# Cobia!!!



## Ginzu (Nov 16, 2011)

Took a trip out to our "secret" spot in Navarre to try and get some quick ERS. Yakntat had his 2 in 30 minutes, then promptly ditched me to go hang out with his family. I sat there trying to gut it out and eventually got an 18incher.










Didn't get my second red, but I didn't manage to grab a couple decent Lane Snapper. They taste just as good :thumbup:
Then I pull up this monster!










Alright, he's only 21inches, but he is a Cobia . At first I thought it was a damn Remora, till I noticed he had no sucker head. Back in the water he went to terrorize someone another day. Wind picked up and it got nice and choppy, so I decided to head back in. My duster rig barely hit the water when I got slammed by a nice King. 

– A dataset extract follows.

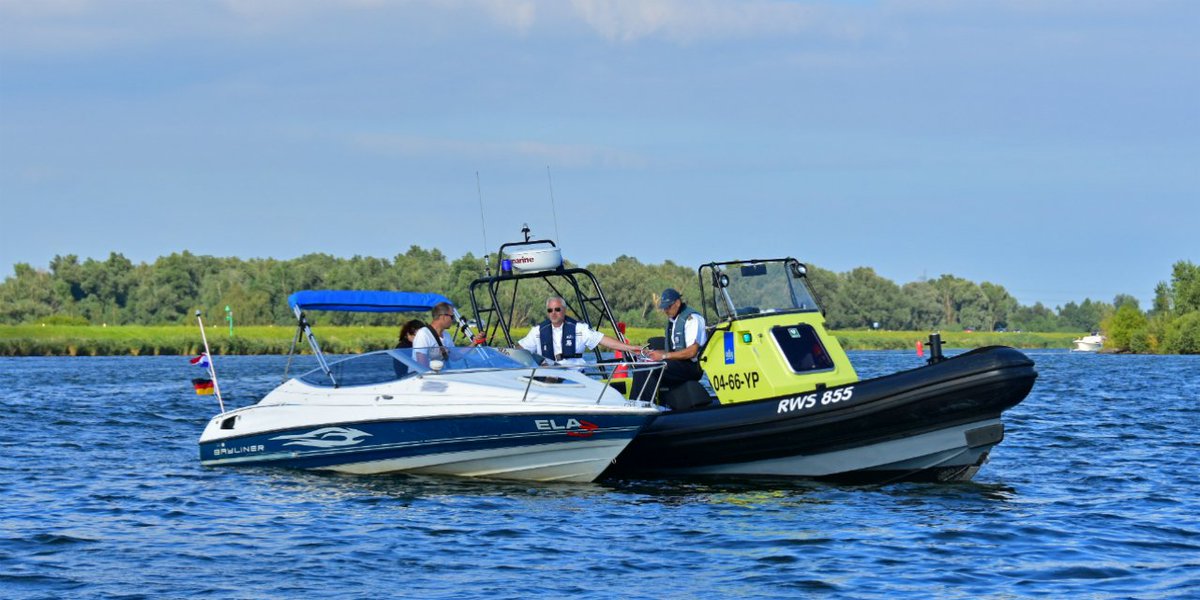 Rijkswaterstaat's tweet image. Waar mag je hard #varen? Hoe oud moet je zijn om een #speedboot te mogen besturen? En heb je altijd een vaarbewijs nodig? Met het mooie weer in aantocht, besteden we graag extra aandacht aan de (spel)regels. Zo houden we het varen #veilig en leuk: bit.ly/2HGwFp2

Throw my rig out and barely have time to set the pole down and this beast takes me for a ride. My largest to date.









Close to shore my rig gets slammed again, and peels off quite a bit of line. The fight was eerily reminiscent of a battle I had with a BFT not too long ago. Sadly, it was just a roided up Bobo. He wrecked himself trying to get away and pretty much just rolled over and gave up beside the yak. Cut Bait!









Total haul for the day









On a side note, once again I broke something on the yak. During the launch I went to jump in from the right side and heard a crack. Look down and the side bar is cracked. I really need to lose some weight 


















Tight Lines!


----------



## yakntat (May 12, 2011)

Nice report and great video. I think it took me 35 min though to get my limit of snapper today. 2 cobia's in one day, odd.


----------



## Cracker (May 15, 2012)

Good report!!!!


----------



## Night Wing (May 16, 2011)

Nice report. Great photos too. Quite a mixed bag of fishing.


----------



## Wilbur (Jan 17, 2011)

Nice job! Navarre sounds like it's been good lateley.


----------



## EODangler (Apr 7, 2011)

Nice vid!! What is that rod and reel combo? What do you usually target with that setup?


----------



## Ginzu (Nov 16, 2011)

EODangler said:


> Nice vid!! What is that rod and reel combo? What do you usually target with that setup?


It's a Calcutta TE401 paired with a 7 & 1/2 ft St. Croix Mojo Inshore Hvy action. I use it for trolling and throwing heavy lures.


----------



## pompanopete (Aug 5, 2009)

I will be darned.... I guess I caught one also today. I really thought it was a big remora, looks exactly like the one you caught. Cool.


----------



## southern yakker (Jun 25, 2012)

Very nice mess of fish right there.

Btw, What model kayak is that?


----------



## Ginzu (Nov 16, 2011)

southern yakker said:


> Very nice mess of fish right there.
> 
> Btw, What model kayak is that?


Hobie Aircraft Carrier 

(Pro Angler)


----------



## southern yakker (Jun 25, 2012)

Ginzu said:


> Hobie Aircraft Carrier
> 
> (Pro Angler)


Alright thanks.that yak is nice


----------



## FishGolfDrink (Apr 19, 2011)

nice lanes!


----------



## hookdropper (Feb 7, 2009)

Had a awesome day ginzu, like a floating joe patties


----------



## Yakmaster (Dec 24, 2011)

cool video


----------



## trectenwald (Feb 28, 2011)

Nice haul! Hopefully I'll run into you out there sometime. Still havent popped my yak red snapper cherry yet:thumbdown: . I could definetly use some pointers. Tight lines...


----------



## Ginzu (Nov 16, 2011)

FishGolfDrink said:


> nice lanes!


We've pulled a bunch of nice Lanes off one spot this year. Pretty tasty.


----------